(Data entries)
=== Section Start ===
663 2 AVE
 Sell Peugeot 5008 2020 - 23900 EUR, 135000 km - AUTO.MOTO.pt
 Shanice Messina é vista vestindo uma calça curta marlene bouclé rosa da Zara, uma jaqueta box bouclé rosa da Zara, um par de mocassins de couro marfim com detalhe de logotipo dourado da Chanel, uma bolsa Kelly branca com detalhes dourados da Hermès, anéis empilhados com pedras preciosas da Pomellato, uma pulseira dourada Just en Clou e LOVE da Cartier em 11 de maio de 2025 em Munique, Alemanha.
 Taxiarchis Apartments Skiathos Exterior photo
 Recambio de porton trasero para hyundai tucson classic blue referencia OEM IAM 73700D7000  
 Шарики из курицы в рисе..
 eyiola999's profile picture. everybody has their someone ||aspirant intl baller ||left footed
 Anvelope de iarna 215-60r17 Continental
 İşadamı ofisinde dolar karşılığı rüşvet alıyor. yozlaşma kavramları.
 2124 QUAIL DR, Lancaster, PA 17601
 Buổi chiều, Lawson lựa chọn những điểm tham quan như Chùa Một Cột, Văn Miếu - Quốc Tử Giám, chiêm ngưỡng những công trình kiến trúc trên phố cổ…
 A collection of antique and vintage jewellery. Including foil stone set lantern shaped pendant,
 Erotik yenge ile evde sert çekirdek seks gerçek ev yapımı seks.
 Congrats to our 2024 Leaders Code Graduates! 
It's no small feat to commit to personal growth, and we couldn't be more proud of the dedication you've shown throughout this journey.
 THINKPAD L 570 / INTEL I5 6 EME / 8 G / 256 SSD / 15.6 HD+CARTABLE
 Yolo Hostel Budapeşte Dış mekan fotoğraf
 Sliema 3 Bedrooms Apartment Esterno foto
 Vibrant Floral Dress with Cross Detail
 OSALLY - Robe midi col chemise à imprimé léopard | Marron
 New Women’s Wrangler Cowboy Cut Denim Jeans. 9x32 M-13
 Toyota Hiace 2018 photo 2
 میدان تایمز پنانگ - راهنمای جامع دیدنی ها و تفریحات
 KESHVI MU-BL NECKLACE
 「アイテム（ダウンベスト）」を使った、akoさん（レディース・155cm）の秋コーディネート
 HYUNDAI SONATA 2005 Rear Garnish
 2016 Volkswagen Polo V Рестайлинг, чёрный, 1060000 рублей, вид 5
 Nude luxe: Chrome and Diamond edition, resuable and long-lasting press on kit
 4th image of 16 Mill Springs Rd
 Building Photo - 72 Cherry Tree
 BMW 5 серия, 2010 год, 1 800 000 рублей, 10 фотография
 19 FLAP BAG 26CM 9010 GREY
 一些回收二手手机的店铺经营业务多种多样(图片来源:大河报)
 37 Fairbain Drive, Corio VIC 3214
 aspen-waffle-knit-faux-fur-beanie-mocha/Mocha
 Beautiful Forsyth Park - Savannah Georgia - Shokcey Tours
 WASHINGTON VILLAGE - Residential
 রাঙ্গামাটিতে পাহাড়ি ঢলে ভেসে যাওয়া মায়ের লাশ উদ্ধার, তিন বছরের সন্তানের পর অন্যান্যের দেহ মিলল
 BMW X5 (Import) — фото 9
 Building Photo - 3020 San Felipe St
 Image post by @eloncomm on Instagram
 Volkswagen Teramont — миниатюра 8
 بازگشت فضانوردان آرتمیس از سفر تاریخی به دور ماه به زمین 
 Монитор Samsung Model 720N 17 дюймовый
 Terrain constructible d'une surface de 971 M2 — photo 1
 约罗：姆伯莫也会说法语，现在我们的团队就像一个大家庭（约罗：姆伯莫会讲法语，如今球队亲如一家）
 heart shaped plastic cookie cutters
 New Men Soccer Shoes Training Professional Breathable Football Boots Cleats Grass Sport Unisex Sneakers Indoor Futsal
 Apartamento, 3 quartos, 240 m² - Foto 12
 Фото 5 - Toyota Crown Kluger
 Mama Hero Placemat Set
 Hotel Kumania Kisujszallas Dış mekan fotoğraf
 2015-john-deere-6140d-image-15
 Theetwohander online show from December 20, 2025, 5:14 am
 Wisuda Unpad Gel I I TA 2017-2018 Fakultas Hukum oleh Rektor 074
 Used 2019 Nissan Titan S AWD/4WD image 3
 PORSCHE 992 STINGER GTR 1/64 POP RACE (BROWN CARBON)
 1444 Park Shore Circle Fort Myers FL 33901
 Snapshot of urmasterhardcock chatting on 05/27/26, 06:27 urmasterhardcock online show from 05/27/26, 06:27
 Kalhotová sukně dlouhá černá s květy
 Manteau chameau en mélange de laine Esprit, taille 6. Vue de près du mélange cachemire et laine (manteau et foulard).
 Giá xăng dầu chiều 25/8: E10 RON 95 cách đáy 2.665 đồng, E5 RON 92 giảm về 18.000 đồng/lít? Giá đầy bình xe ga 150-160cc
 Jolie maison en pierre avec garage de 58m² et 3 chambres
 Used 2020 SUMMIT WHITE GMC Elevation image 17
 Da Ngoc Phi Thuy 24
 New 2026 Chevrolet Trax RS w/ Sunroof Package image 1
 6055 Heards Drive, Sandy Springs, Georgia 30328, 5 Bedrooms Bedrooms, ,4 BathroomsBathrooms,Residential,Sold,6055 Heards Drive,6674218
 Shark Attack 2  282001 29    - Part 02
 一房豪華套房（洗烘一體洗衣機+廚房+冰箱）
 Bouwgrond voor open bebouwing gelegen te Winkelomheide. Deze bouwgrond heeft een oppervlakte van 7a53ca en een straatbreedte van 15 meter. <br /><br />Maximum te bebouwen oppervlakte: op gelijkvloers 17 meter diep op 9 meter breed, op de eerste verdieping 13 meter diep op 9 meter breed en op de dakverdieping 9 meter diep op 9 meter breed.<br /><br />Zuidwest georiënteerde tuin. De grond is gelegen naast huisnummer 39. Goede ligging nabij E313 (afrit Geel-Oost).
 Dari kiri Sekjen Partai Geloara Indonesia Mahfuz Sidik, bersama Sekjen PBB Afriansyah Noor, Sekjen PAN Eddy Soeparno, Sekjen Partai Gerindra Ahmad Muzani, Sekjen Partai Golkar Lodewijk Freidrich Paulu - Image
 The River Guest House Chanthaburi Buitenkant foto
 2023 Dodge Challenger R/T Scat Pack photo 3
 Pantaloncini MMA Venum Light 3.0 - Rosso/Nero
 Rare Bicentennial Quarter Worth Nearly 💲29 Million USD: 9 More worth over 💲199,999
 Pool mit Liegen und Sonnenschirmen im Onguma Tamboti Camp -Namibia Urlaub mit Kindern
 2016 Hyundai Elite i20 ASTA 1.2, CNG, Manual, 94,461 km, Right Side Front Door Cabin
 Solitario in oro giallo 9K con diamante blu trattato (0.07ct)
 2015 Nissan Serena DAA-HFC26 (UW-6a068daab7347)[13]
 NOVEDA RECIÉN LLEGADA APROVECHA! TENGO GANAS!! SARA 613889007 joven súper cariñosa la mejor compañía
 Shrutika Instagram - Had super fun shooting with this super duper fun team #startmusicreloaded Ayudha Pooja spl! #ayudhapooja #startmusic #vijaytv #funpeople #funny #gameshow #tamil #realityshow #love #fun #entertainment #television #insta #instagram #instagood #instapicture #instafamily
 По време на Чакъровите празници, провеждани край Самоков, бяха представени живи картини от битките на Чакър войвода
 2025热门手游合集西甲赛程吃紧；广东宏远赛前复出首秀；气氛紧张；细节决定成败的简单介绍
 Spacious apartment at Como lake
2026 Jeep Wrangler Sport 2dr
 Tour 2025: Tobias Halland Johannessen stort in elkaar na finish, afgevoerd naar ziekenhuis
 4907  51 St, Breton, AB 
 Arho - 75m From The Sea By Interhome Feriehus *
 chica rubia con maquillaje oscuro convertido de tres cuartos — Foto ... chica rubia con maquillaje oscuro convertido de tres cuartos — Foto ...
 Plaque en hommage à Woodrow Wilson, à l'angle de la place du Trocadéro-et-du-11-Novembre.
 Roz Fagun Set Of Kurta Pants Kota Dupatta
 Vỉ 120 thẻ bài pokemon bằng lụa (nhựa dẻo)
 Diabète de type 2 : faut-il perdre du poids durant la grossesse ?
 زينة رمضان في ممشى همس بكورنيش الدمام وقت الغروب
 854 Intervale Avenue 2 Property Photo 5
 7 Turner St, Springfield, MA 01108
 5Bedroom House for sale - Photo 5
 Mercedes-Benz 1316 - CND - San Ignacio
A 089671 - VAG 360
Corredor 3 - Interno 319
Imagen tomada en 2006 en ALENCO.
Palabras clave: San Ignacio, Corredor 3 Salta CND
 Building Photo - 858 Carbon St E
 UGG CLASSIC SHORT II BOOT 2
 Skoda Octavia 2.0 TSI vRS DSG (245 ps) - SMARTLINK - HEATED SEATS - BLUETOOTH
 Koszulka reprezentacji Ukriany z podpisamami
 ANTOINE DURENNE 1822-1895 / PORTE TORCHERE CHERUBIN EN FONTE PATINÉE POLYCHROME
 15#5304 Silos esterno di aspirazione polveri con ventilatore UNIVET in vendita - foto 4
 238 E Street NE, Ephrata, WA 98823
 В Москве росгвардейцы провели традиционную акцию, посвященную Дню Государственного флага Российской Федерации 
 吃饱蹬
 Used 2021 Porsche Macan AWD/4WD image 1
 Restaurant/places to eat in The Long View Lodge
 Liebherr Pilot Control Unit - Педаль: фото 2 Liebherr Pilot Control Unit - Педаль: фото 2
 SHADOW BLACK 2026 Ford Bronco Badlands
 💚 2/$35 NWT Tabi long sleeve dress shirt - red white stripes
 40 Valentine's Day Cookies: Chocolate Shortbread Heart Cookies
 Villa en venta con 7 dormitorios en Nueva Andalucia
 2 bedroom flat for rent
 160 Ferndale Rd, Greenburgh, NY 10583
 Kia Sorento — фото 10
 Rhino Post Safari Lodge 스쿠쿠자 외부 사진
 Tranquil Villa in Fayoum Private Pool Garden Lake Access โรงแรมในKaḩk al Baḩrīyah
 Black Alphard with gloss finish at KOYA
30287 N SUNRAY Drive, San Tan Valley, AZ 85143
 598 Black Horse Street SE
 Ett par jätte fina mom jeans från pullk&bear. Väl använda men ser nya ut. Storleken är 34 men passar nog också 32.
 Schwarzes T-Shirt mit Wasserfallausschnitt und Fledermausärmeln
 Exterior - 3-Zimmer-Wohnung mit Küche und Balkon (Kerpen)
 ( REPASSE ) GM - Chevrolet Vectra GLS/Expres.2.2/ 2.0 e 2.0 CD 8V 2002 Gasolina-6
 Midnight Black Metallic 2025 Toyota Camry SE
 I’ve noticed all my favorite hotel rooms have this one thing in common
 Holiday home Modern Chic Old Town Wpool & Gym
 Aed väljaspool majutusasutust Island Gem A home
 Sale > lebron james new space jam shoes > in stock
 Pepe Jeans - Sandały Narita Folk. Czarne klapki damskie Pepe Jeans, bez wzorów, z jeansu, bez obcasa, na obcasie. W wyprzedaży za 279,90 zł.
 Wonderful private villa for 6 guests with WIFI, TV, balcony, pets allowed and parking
=== Section End ===
* Task description: Look above for the line holding "New Men Soccer", then set down exactly that line and every line after it up to and including the line holding "Used 2019 Nissan Titan S AWD/4WD image 3", with nothing else.

* Task answer:
 New Men Soccer Shoes Training Professional Breathable Football Boots Cleats Grass Sport Unisex Sneakers Indoor Futsal
 Apartamento, 3 quartos, 240 m² - Foto 12
 Фото 5 - Toyota Crown Kluger
 Mama Hero Placemat Set
 Hotel Kumania Kisujszallas Dış mekan fotoğraf
 2015-john-deere-6140d-image-15
 Theetwohander online show from December 20, 2025, 5:14 am
 Wisuda Unpad Gel I I TA 2017-2018 Fakultas Hukum oleh Rektor 074
 Used 2019 Nissan Titan S AWD/4WD image 3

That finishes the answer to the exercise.